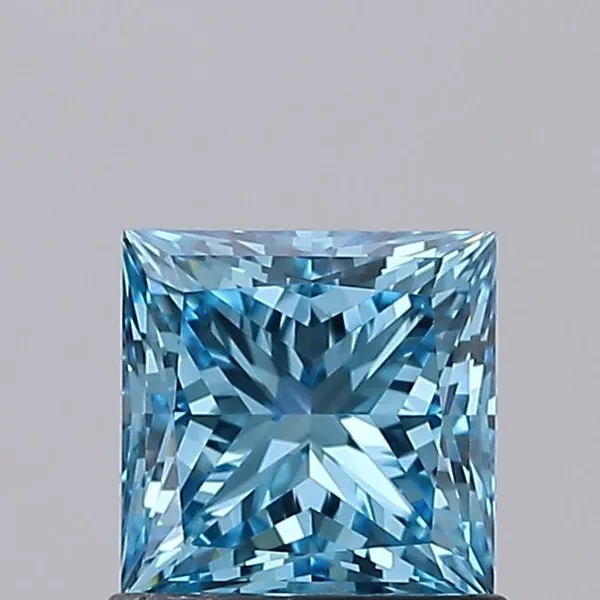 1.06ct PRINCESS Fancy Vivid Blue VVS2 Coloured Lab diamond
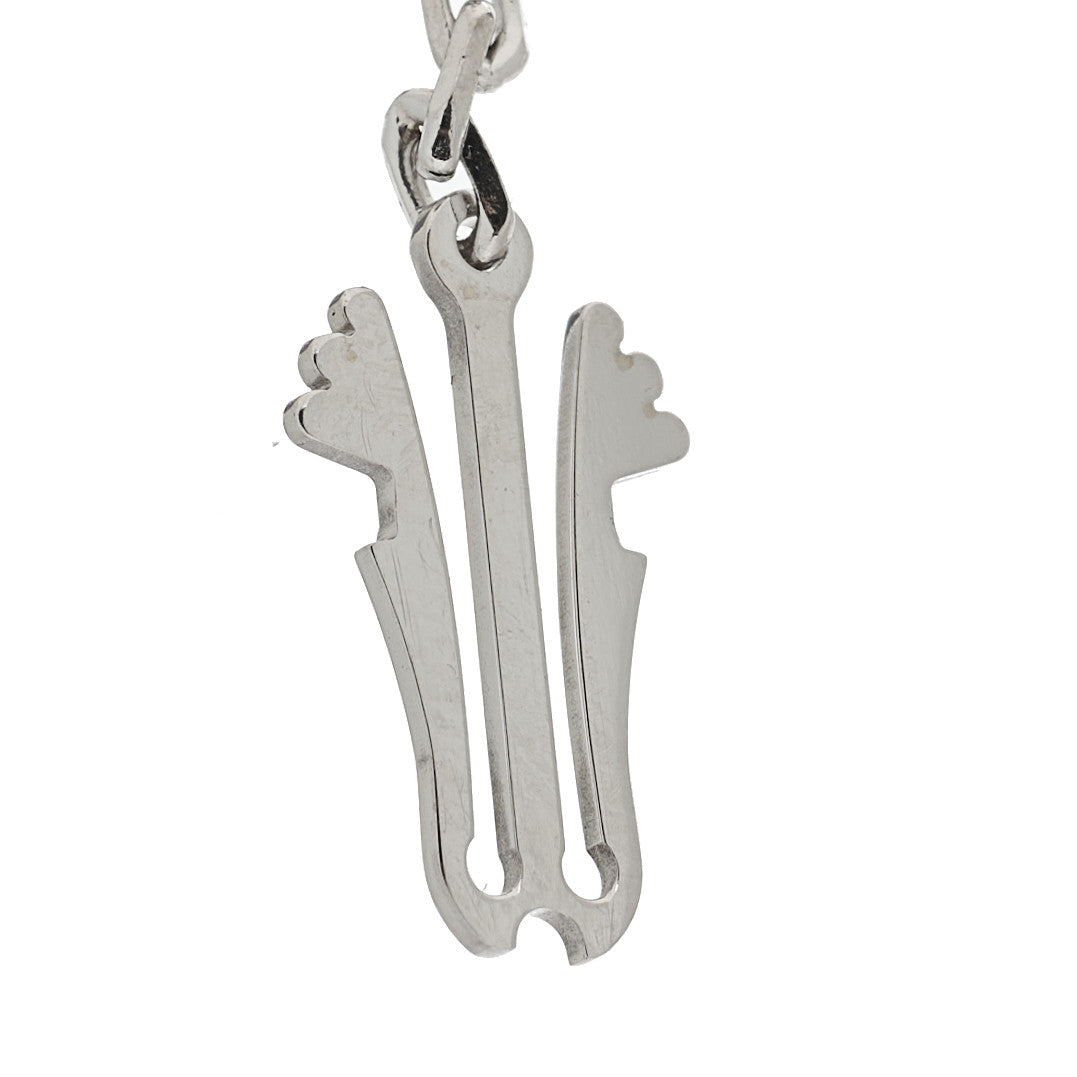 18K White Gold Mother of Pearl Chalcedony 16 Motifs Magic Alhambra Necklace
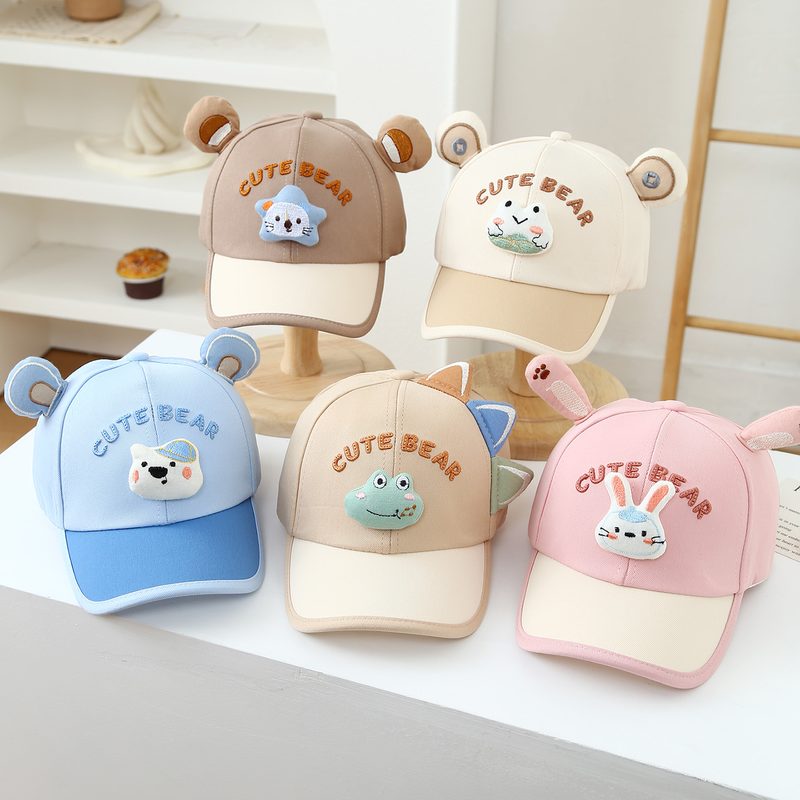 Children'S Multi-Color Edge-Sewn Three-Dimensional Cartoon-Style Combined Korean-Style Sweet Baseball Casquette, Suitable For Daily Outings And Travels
◆ ◆ ◆ ◆
> _THE TASK_
Restate the data above exactly, stripping out each image.

> _EXPECTED OUTPUT_
 1.06ct PRINCESS Fancy Vivid Blue VVS2 Coloured Lab diamond
 18K White Gold Mother of Pearl Chalcedony 16 Motifs Magic Alhambra Necklace
 Children'S Multi-Color Edge-Sewn Three-Dimensional Cartoon-Style Combined Korean-Style Sweet Baseball Casquette, Suitable For Daily Outings And Travels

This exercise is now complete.